What of Dante’s personal quest? We cannot know his own spiritual state at the end of his life, nor his emotions concerning the memory of the real Beatrice or his created symbolic form of her, but she is certainly the glory of the Commedia. Around her the beauty, love and intelligence gathers, as a promise and a distant goal in Inferno (Virgil being her loving proxy), as a strong hope and an emotional striving in Purgatorio, and as a present magnificence in Paradiso. The Commedia could have existed without her, but not with the same power and effect. She is the embodiment of Love, Virgil and the spirits her reflection. Does Dante get beyond her, in the final Vision, substituting the Virgin Mary for her almost at the last, and then gazing onwards into a final sublimity? He hangs on for a very long time before that moment: Beatrice is not easily relinquished!

At times he is overpowered by her presence, and almost makes an end there and then, though we know he will and must finish building the tower! Did he get beyond the erotic, the spiritualised and intellectual erotic but still the erotic, of her meaning to him, of her physical context, her eyes and smile? I have argued that the Medieval mind more easily merged the physical with the spiritual, Christ as blood and flesh in wafer and wine, the Resurrection of souls being in the body, which Dante stresses. There is no erotic as such for Medieval thought, no such category. The body is the seat of the feelings and carries the soul breathed into it by God. Flesh and emotions and spirit are one. Love takes on a human form. Dante often seems to me to be on the verge of heresy, but never quite heretical. His immense tact leaves many things unsaid, many questions un-attempted and unanswered. He stepped back perhaps from difficult issues, since his purpose was to build the perfect and consistent tower of authority.
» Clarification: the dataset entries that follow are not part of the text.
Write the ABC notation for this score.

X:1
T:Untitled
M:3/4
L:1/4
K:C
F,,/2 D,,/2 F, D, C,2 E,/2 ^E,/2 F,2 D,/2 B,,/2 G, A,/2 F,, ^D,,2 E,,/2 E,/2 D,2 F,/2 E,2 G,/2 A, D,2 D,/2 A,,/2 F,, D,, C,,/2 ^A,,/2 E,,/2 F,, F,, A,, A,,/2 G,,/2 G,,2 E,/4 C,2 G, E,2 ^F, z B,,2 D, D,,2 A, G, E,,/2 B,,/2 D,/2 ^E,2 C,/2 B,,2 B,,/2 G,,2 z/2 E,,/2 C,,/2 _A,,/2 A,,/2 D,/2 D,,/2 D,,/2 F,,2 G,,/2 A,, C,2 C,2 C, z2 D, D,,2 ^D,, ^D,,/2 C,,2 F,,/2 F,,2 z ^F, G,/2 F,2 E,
While rejecting that authority and the structure’s objective truth, I take delight in the poetic and imaginative beauty of it. I find the ethical thrust of the work, so expressive of the thrust of European society, grounded in Love and its attendant virtues, moral and social, as informing and challenging. To go beyond Dante one must first read him and answer him. The history, the situations and individuals, the thought and the emotions are always fascinating. The figure of Beatrice not only charms us but still makes a demand of the modern mind and heart, if we are to understand what Love is and means for human beings. The intellectual and the spiritual is still in tension with the physical and the emotional. The depth of that tension in Dante communicates itself throughout the Commedia. A real man moves through a real landscape with real responses even though the towers are constructed in imagination. History is swept together in the timeless Moment in question and answer, in vision and thought, and against that background of Energies, the Individual comes face to face with his or her own self-examination, asks of his or her own self what the purpose of being in this age might be, how one should live a life of creative love and virtue, and what the full dimensions of that life might be.
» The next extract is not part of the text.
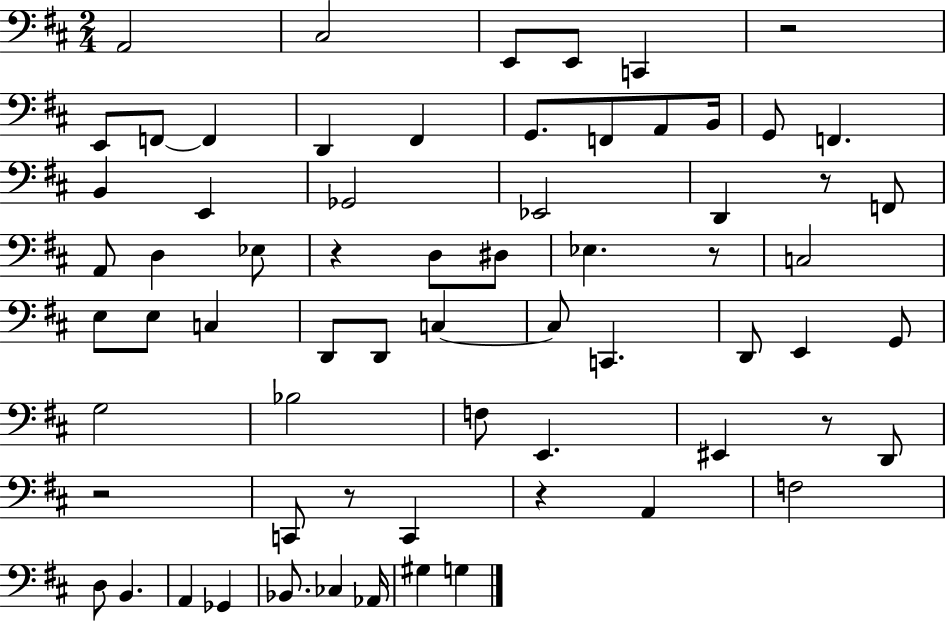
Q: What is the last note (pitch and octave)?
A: G3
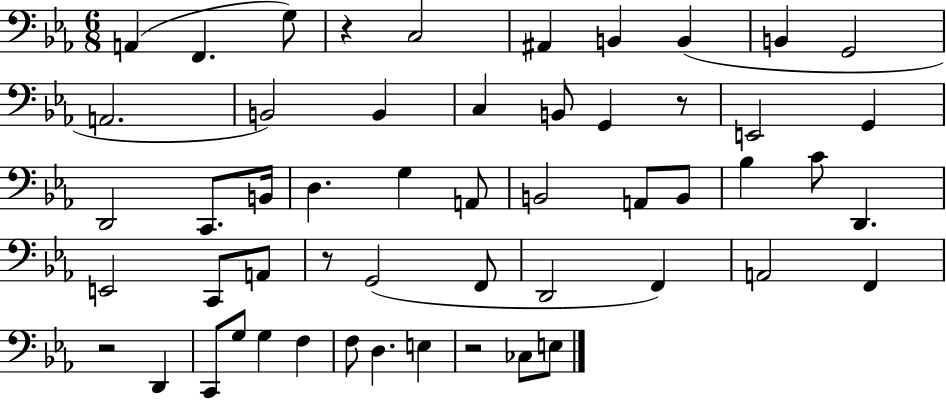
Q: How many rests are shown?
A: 5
I see Dante turning away from writing down his ‘memories’ of the Vision, as he had to finally in his own life, turning back towards the world, away from the long journey of question and examination, turning towards his readers, so many generations later, to challenge us, to ask us to examine the state of our age, of our society, the state of our own spirits and ethics, and to answer, if we can, what we will build greater than his tower of the poetic imagination.